Terms & Definitions E-1

Easement An interest that one party (Dominant Estate) has to use the property of another (Servient Estate) as in a Right of Way.
Easement Appurtenant The right one property owner (Dominant Estate) has in the property of another (Servient Estate). Passes forward with the land. EXAMPLE: A common driveway or the right of Lot A property owner to cross Lot B to access a lake.
Easement by Necessity Easement created by the courts and required by need. Must have common grantor for dominant and servient estates. EXAMPLE: Right of way to road when property is land-locked.
Easement by Prescription Easement created by open notorious continuous use (20 years in Mass) similar to acquiring title by adverse possession. SQUATTERS RIGHTS.
Easement in Gross An easement that does not pass with the land and has no dominant estate. EXAMPLE: Utility easement.
Economic Forces Those activities in and around a community, that involve business and economic development. Used as a principal and appraisal.
Economic Obsolescence Loss of value due a number of forces outside the property owners control including economic, environmental and social change. A principal used an appraisal.
Elderly Individuals 62 years of age or older, used in condominium conversion law in Mass to set special condo conversion protection.
Emblements Growing crops that are produced annually through labor and industry. Considered personal property even before harvest. Also known as Fructus Industriales.

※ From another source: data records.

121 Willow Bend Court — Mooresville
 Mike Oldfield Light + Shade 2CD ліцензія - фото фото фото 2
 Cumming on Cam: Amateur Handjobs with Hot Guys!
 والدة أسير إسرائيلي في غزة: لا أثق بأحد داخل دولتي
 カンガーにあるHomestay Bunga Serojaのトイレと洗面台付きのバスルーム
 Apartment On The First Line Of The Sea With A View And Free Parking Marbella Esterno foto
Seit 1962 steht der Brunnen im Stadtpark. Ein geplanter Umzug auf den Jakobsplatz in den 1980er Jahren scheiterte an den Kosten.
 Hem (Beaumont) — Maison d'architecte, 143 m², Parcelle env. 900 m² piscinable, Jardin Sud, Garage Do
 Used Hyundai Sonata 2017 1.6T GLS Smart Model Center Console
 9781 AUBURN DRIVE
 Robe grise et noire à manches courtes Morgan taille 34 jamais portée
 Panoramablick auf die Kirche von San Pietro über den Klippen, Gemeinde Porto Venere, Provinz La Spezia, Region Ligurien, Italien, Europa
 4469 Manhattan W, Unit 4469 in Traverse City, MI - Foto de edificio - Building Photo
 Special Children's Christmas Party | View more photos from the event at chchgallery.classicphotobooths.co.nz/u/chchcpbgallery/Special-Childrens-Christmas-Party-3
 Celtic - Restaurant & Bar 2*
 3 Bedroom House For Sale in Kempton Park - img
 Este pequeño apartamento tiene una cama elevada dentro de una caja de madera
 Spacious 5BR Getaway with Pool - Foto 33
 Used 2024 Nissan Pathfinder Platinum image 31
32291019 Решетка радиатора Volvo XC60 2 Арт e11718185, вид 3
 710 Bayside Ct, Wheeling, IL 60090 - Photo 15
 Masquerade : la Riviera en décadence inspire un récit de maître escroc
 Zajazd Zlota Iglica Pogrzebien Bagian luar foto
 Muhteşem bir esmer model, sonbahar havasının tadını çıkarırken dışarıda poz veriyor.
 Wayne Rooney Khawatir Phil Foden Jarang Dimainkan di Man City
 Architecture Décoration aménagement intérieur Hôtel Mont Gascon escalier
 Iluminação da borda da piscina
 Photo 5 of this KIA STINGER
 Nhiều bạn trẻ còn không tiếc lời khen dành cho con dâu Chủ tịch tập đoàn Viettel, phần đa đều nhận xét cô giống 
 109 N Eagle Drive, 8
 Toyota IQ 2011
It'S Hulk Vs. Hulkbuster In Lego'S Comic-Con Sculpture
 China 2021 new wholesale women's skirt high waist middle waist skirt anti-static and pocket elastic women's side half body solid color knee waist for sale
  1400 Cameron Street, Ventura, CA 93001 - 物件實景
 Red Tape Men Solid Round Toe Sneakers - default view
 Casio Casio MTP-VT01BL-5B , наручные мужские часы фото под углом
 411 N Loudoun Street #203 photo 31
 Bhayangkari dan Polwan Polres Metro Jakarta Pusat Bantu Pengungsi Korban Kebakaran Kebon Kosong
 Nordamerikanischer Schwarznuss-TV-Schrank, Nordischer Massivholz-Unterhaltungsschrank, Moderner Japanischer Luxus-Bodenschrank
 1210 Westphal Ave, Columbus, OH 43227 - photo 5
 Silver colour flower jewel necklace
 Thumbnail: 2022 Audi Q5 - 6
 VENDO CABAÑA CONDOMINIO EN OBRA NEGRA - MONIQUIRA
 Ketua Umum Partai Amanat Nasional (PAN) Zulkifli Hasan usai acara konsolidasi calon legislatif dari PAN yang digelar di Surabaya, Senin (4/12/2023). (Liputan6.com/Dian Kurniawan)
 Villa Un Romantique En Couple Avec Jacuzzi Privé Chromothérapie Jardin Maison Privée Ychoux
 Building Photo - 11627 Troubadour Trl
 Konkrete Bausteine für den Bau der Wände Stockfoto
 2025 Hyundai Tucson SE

Eminent Domain The right of the government (Federal, State, or Municipal) to take title to private property for the common good; through a process known as condemnation.
Encroachment When the property of one party intrudes on the property of another. EXAMPLE: A roof or deck overhanging the lot line.
Encumbrance Anything that lessens the value of a parcel of property; including liens and any encroachment.
Equitable Title Interest held by the buyer when a purchase and sale contract has been signed, but prior to transfer of the deed when legal title is obtained.
Equity The value an owner has in property in excess of any mortgages or other liens.
Erosion The gradual decrease to land on a short a riverbank by natural forces.
Estoppel A legal doctrine whereby a person is not allowed to deny a previous statement or act, when an innocent party has relied on that statement or act. EXAMPLE: Incorrect mortgage balance given by a bank.
Estoppel Agent An agency that exists, when a third party has reason to believe that an agency exists, even though a formal principal-agent relationship has not been established.
Escalation Clause Stipulation in a contract that allows payments to increase based on certain conditions. EXAMPLE: Increase in an interest rate in the event of late payment or default.
Escalated Lease Lease where the payments vary up or down with certain conditions, such as a change in expenses (taxes, insurance, utilities) or late payments.
Escheat Process by which property reverts to the state, when no will or heirs exist or when the property is abandoned.
Escrow Process where money and, or documents are held by a third party for 2 parties in the transaction.